::: Record excerpts :::
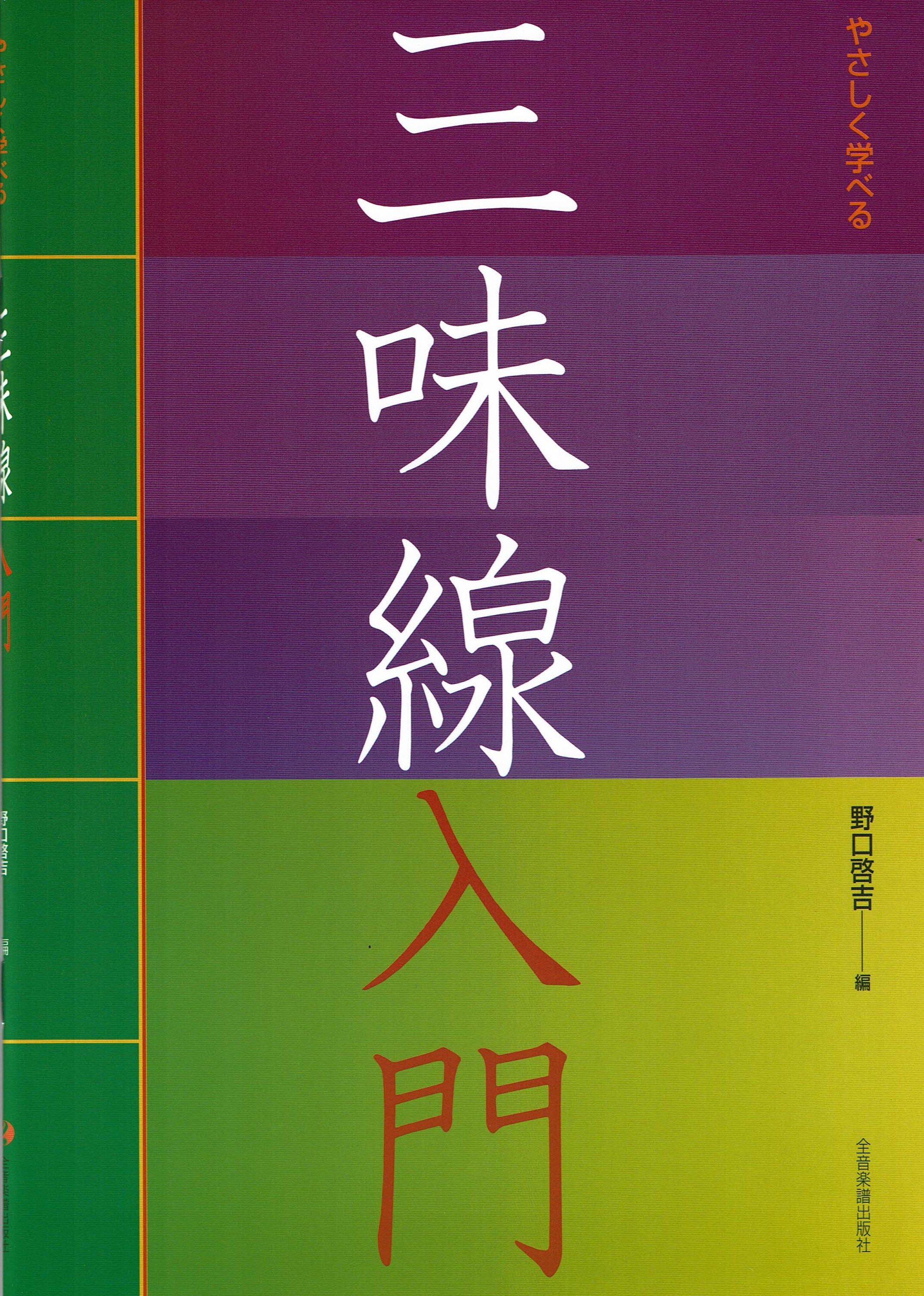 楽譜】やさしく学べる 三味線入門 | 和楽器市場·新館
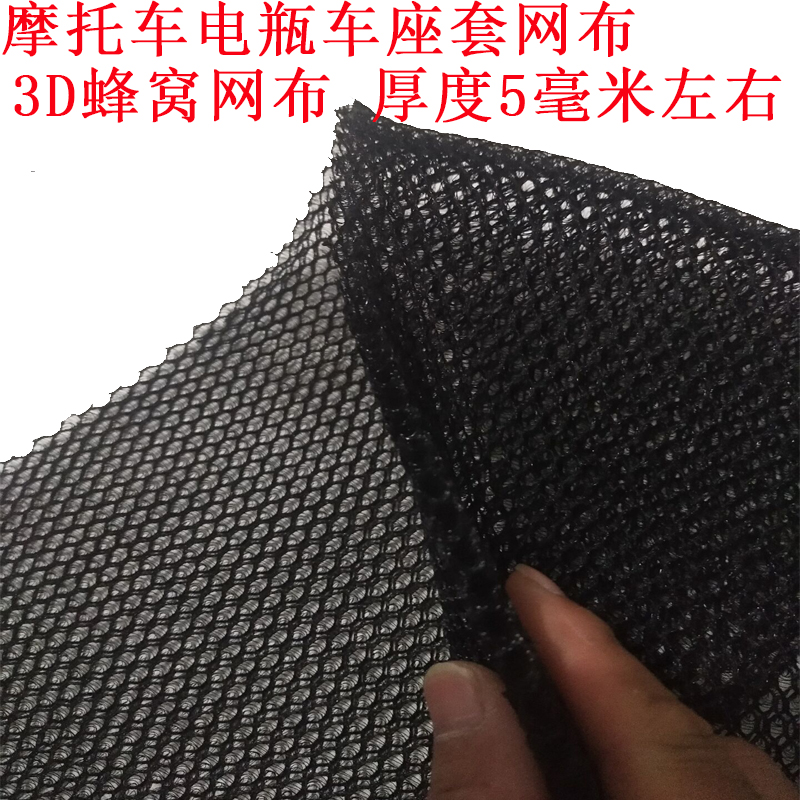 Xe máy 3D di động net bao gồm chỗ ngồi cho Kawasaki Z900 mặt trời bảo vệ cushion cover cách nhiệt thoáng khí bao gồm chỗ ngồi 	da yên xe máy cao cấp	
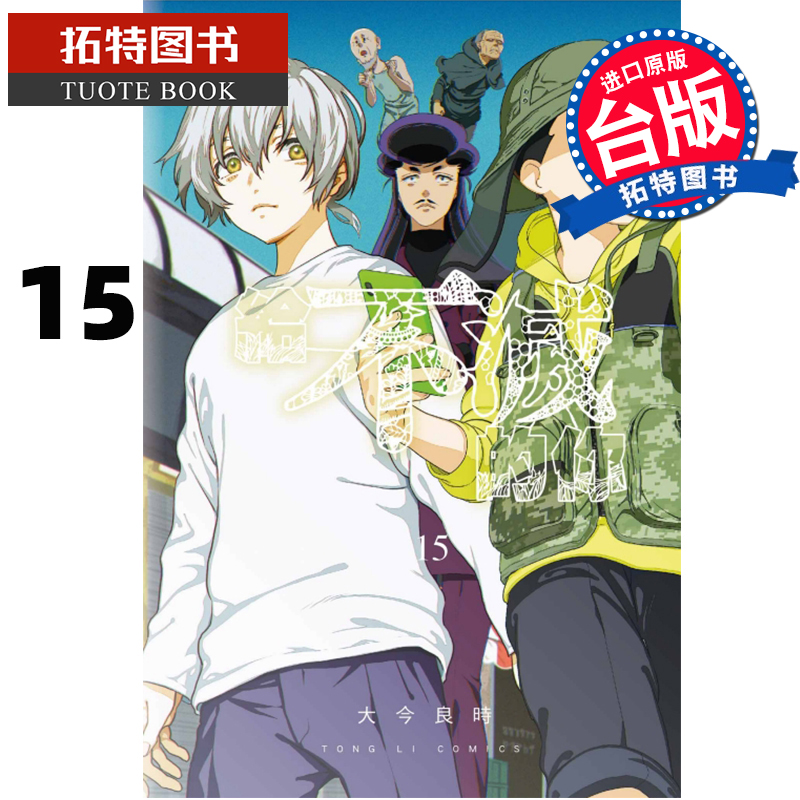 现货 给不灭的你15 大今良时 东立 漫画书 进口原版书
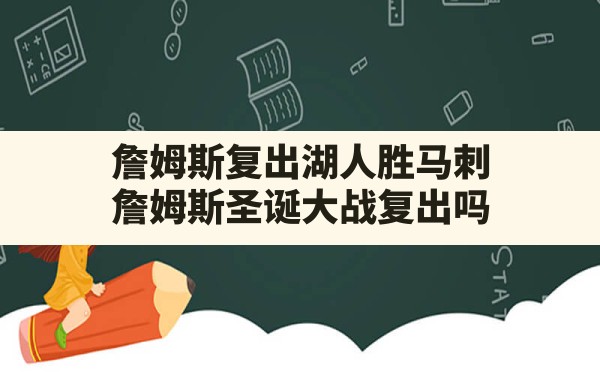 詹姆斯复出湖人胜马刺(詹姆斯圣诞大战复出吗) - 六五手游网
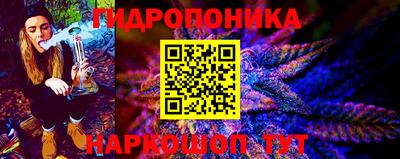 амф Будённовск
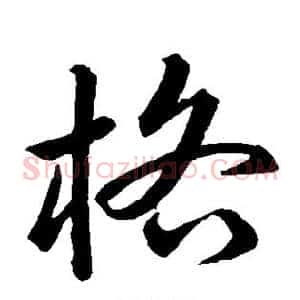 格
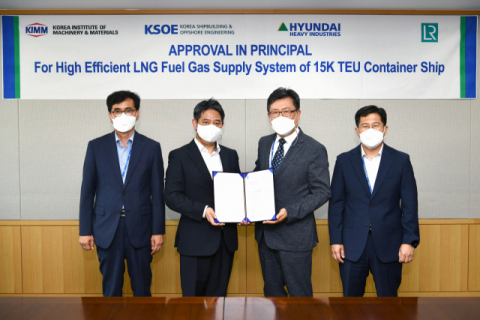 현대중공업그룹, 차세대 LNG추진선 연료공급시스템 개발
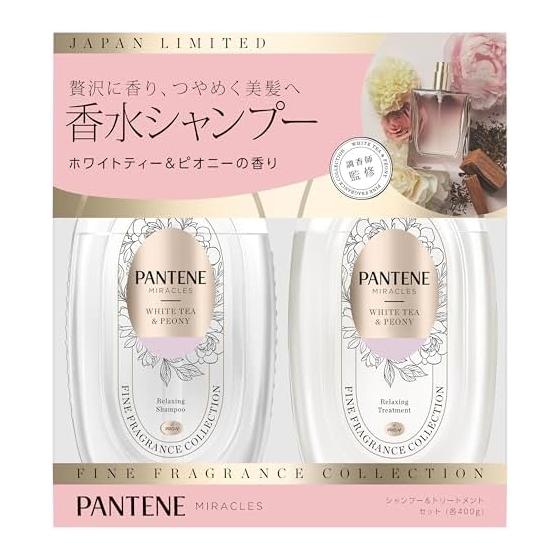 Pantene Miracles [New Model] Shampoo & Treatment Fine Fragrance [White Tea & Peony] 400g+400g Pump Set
:::
::: Record excerpts :::
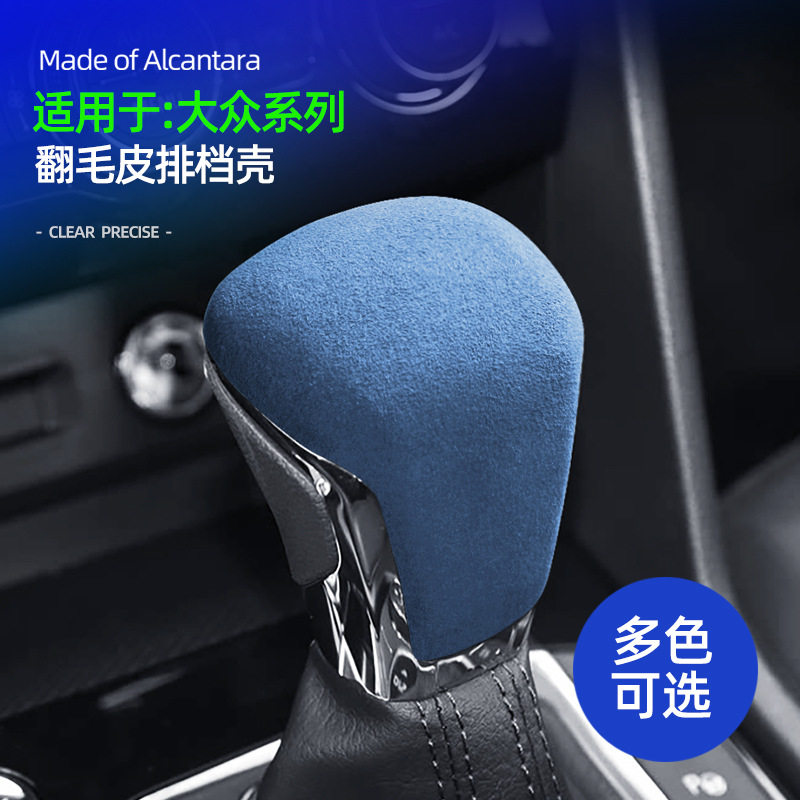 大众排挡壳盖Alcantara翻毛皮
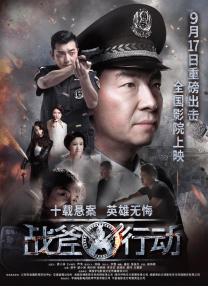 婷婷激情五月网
:::
Please repeat, exactly as written, the lines in the records above, starting with the one that has "现货 给不灭的你15 大今良时 东立 漫画书 进口原版书" and going on through the one that has "Pantene Miracles [New". Pictures are to be left out.

* Response:
 现货 给不灭的你15 大今良时 东立 漫画书 进口原版书
 詹姆斯复出湖人胜马刺(詹姆斯圣诞大战复出吗) - 六五手游网
 амф Будённовск
 格
 현대중공업그룹, 차세대 LNG추진선 연료공급시스템 개발
 Pantene Miracles [New Model] Shampoo & Treatment Fine Fragrance [White Tea & Peony] 400g+400g Pump Set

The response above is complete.